Presto! You have a mechanism for re-education camps
There is something downright evil about a government making life and death choices that result in a dispassionate board deciding the terminal fate of an infant, or 12 year-old while the child’s parents cry and wail in frustration.
I suppose not everyone will see the difference, perhaps, but it is quite clear in my mind.
January 30th, 2008 at 7:12 pm
Ah yes…the single payer health care system = Nazism argument. Now we’re talkin’…crazy talk that is…
“We can not afford the demand to try to keep everyone alive forever.”

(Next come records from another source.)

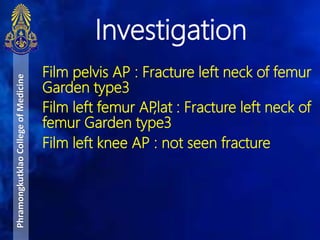 Film pelvis AP : Fracture left neck of femur
Garden type3
Film left femur AP,lat : Fracture left neck of
femur Garden type3
Film left knee AP : not seen fracture
Investigation
PhramongkutklaoCollegeofMedicine
 
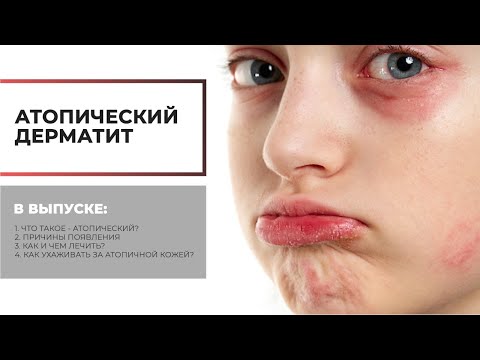 Атопический дерматит. Как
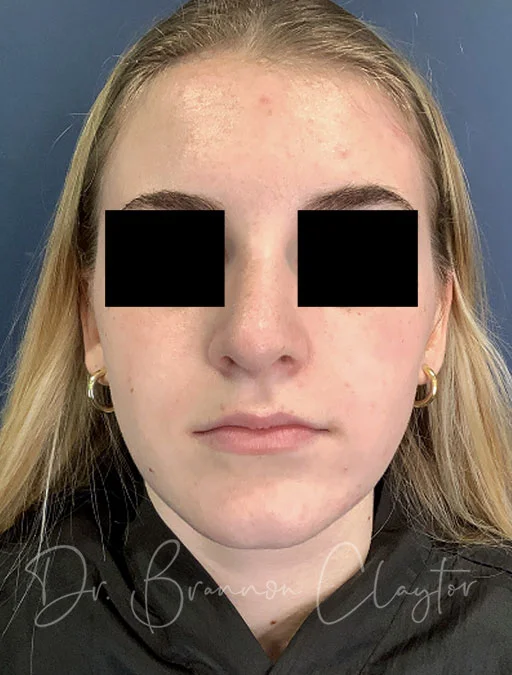 rhinoplasty-48326a-5weeks-after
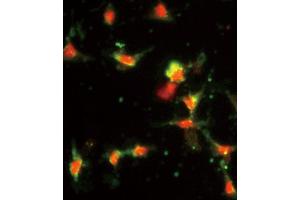 Image no. 4 for anti-Chemokine (C-C Motif) Ligand 2 (CCL2) antibody (ABIN2158090)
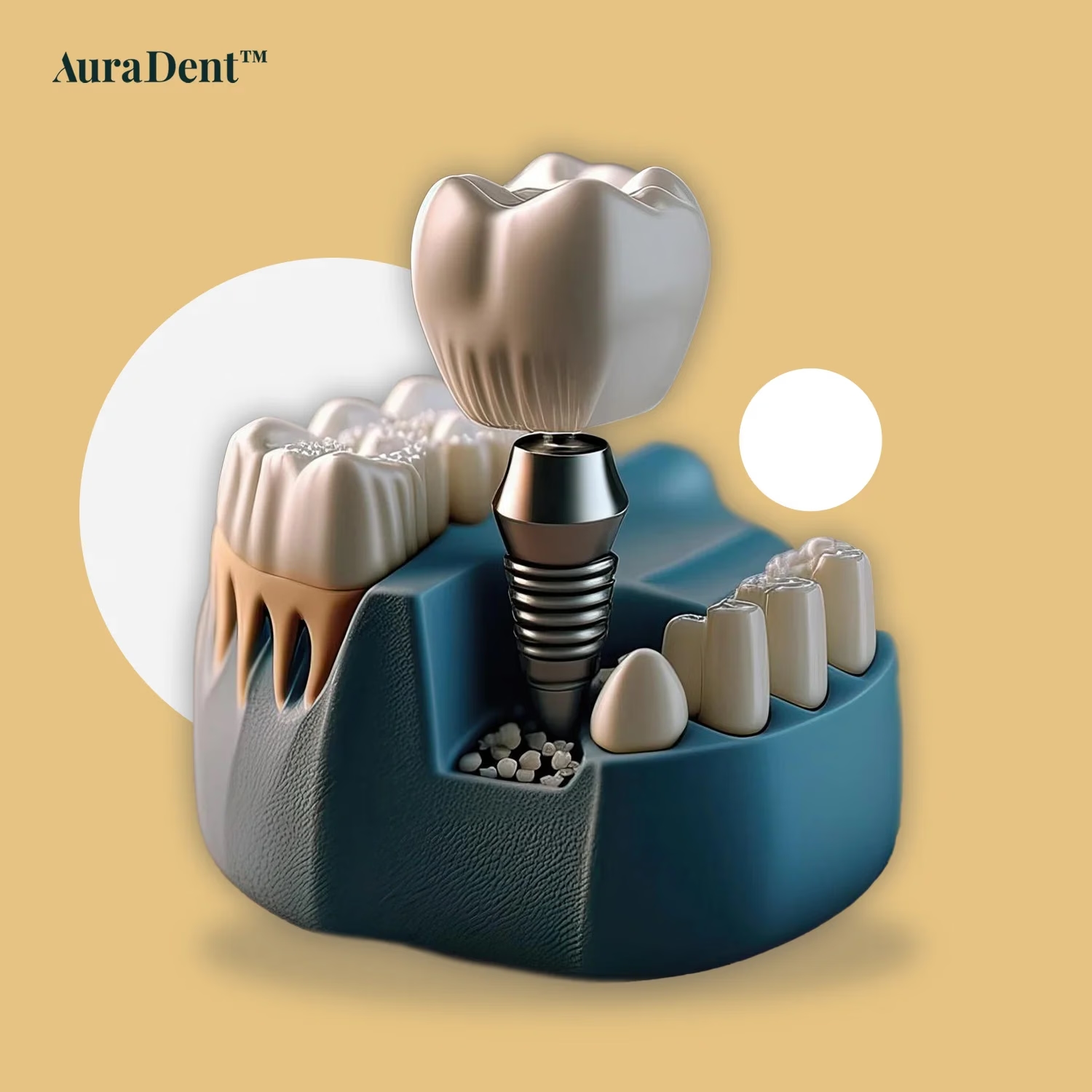 Misslyckade tandimplantat: den kompletta guiden till orsaker, tecken och behandling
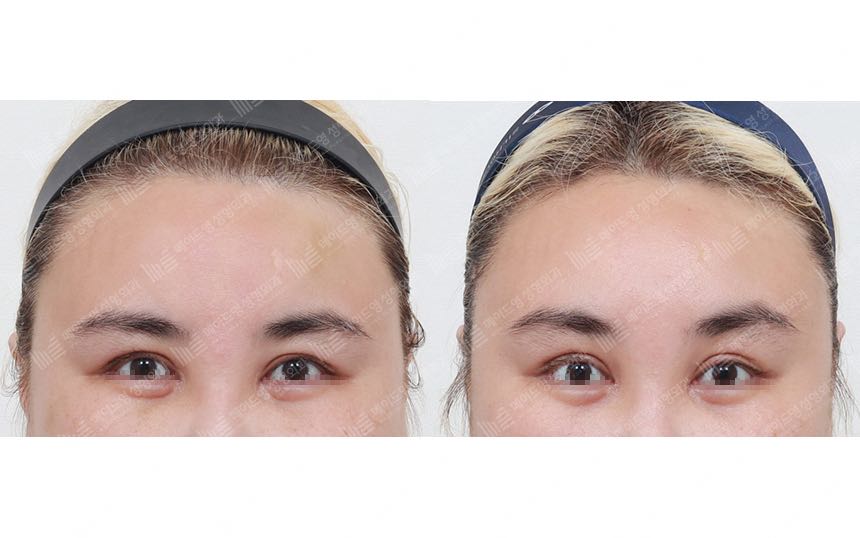face lifting korea before after pictures - Lifting Before and After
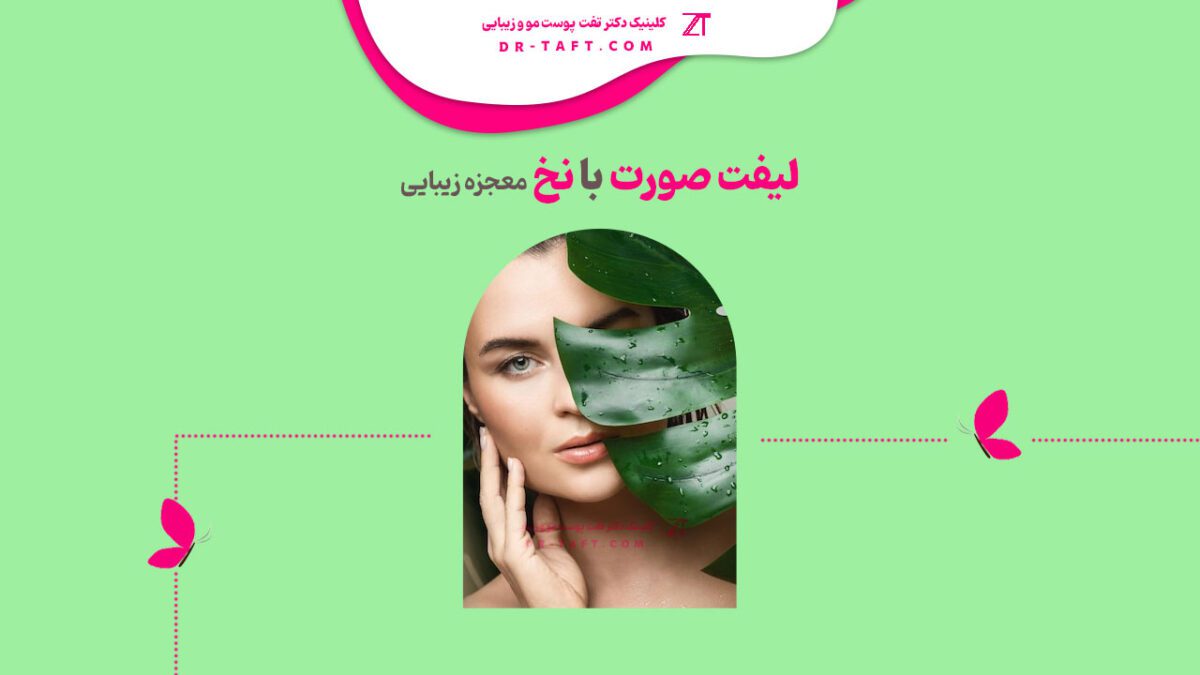 لیفت صورت با نخ معجزه زیبایی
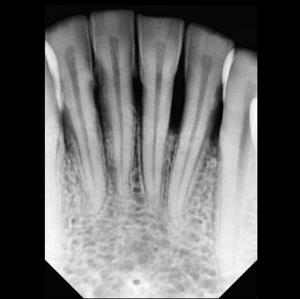 Incissor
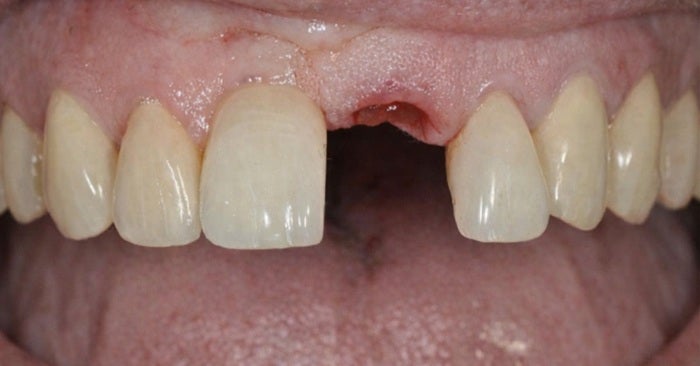 Implant_Before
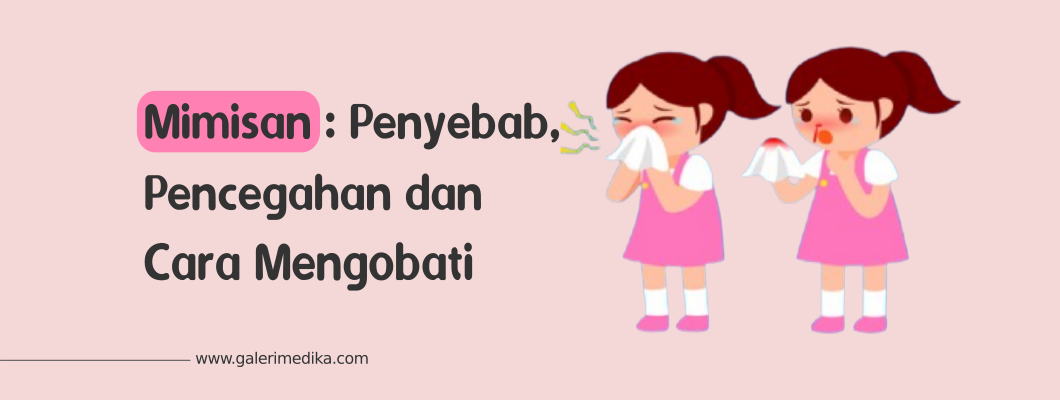 Mimisan : Penyebab, Pencegahan dan Cara Mengobati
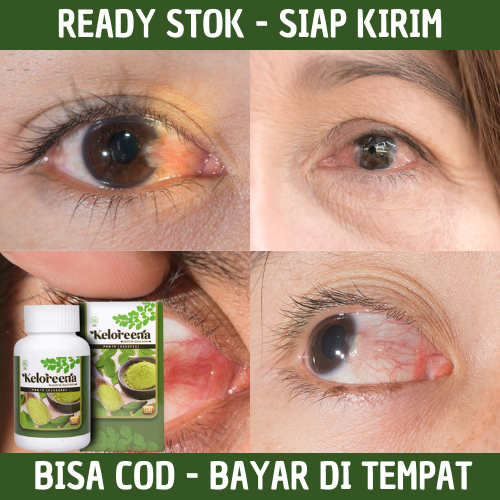 Obat Mata Berlemak, Obat Herbal Mata Berlemak, Obat Mata Pterygium, Obat Penghilang Lemak Di Mata, O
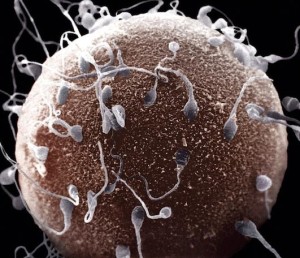 Степень вязкости спермы 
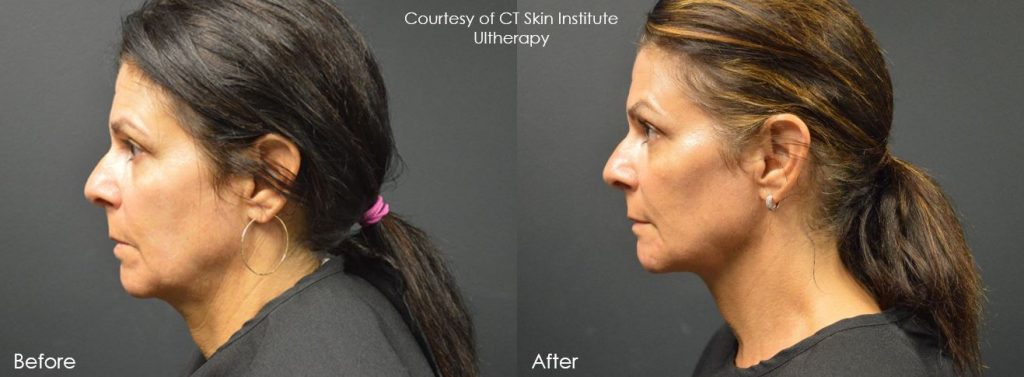 ultherapy, before, after, photo,expert, skin, tightening, stamford, darien, new canaan, ct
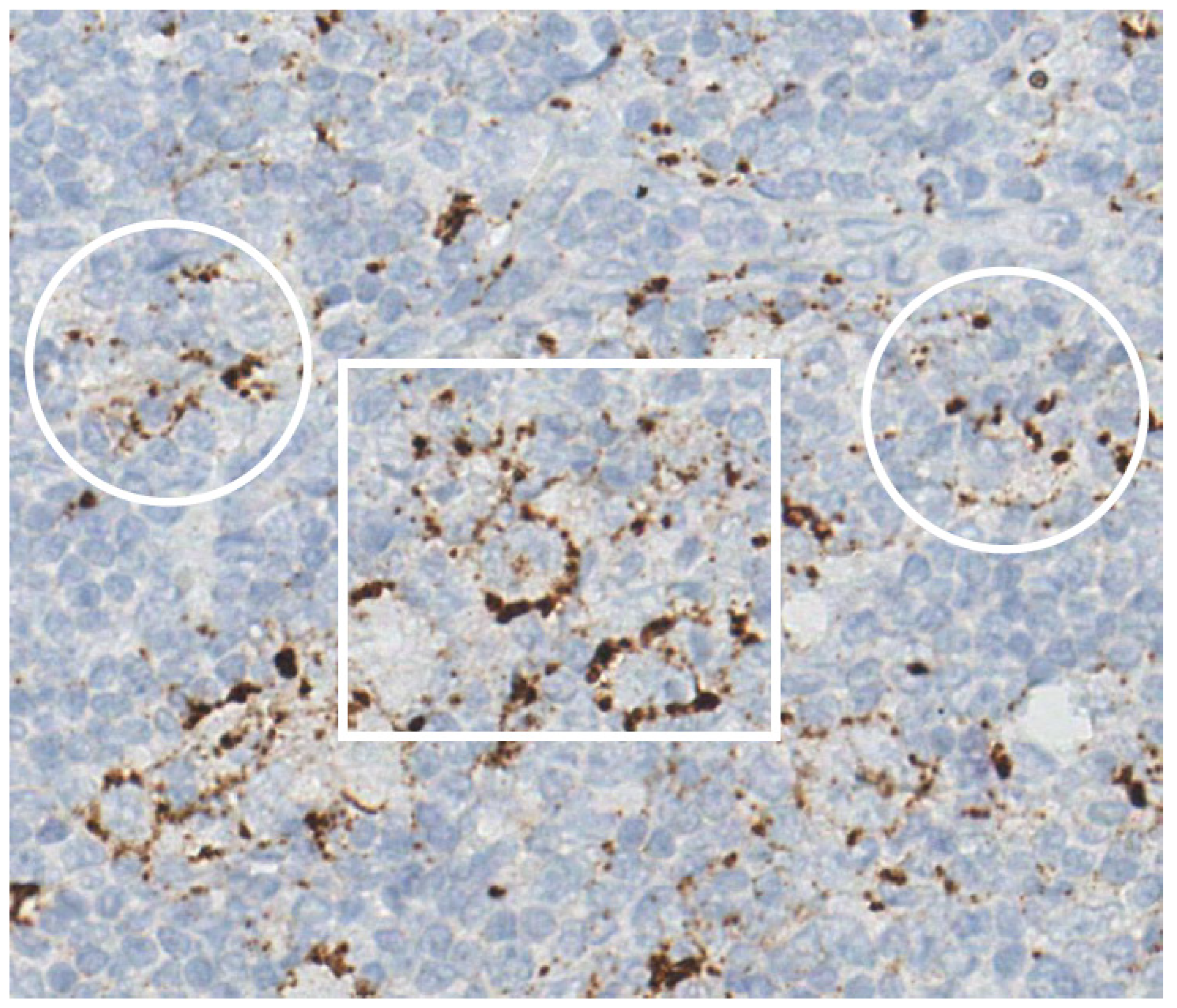 Cancers 17 01433 g003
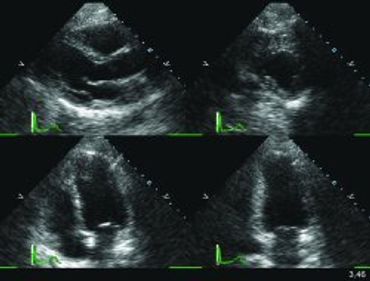 tenemos todas las modalidades de ecocardiografía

I don’t remember anyone claiming that…strawman argument. Are you opposed to death with dignity laws too? What happened to the “freedom to choose” and all that jazz?
“We can not afford the demand to try to keep everyone alive forever.”
See above…also, we spend about twice what everyone else in the world spends on health care now…there’s plenty of money in the system right now. We are one of the richest countries in the world…we really *can* afford health care together. This isn’t Holland or the UK or Germany.
You have revealed yourself to be another right-wing “conservative” that fears his own govt….I feel sorry for you.
February 5th, 2008 at 12:06 pm
Mister Guy
“We can not afford the demand to try to keep everyone alive forever.”
I don’t remember anyone claiming that…strawman argument.
It is not a strawman argument it is a postulate.
Are you opposed to death with dignity laws too?
Um, no. Why do you assume I am
What happened to the “freedom to choose” and all that jazz?
Love it. Jazz too.
“We can not afford the demand to try to keep everyone alive forever.”
See above
Again, not an argument but a postulate.
The idea is that given these two are self-evident truths, to whom do you want to give the power of determining life and death with regards to access to health care.
You have revealed yourself to be another right-wing “conservative” that fears his own govt
I see. So what am I to make of this statement. Are you defending the Groningen Protocol or not?
Am I to imply that you think that the Government of the Netherlands has betrayed the trust of their people and that could never happen here?
Or am I to imply that you think the Netherlands is on track with the Groningen Protocol and this type of thinking would be OK so long as the government authorized it?
February 5th, 2008 at 1:24 pm
“The idea is that given these two are self-evident truths, to whom do you want to give the power of determining life and death with regards to access to health care.”
No one is talking about ceding control for life and death to the govt….which is why your “postulates” are strawman arguments, period. This isn’t a rhetoric class BTW.
“So what am I to make of this statement?”
Whatever you would like to…BTW, this isn’t Holland…so screw the Groningen Protocol.
“Am I to imply that you think that the Government of the Netherlands has betrayed the trust of their people and that could never happen here?”
Now, we’re getting somewhere…you are quite thicked-headed aren’t you Frank?
February 5th, 2008 at 2:48 pm
“Am I to imply that you think that the Government of the Netherlands has betrayed the trust of their people and that could never happen here?”
Now, we’re getting somewhere…you are quite thicked-headed aren’t you Frank?
Clearly.
Especially since I am not in the “It can’t happen here” camp.
I mean, whodathunk that the Supreme Court would allow the use eminent domain to transfer land from one private owner to another to further economic development?
I can not see the justification for the “it can’t happen here” mindset.
February 5th, 2008 at 3:26 pm
“I can not see the justification for the ‘it can’t happen here’ mindset.”
That’s because your irrational fear overtakes your ability to see that this country is fundamentally different in the way that it is set up. The Founding fFathers knew what they were doing.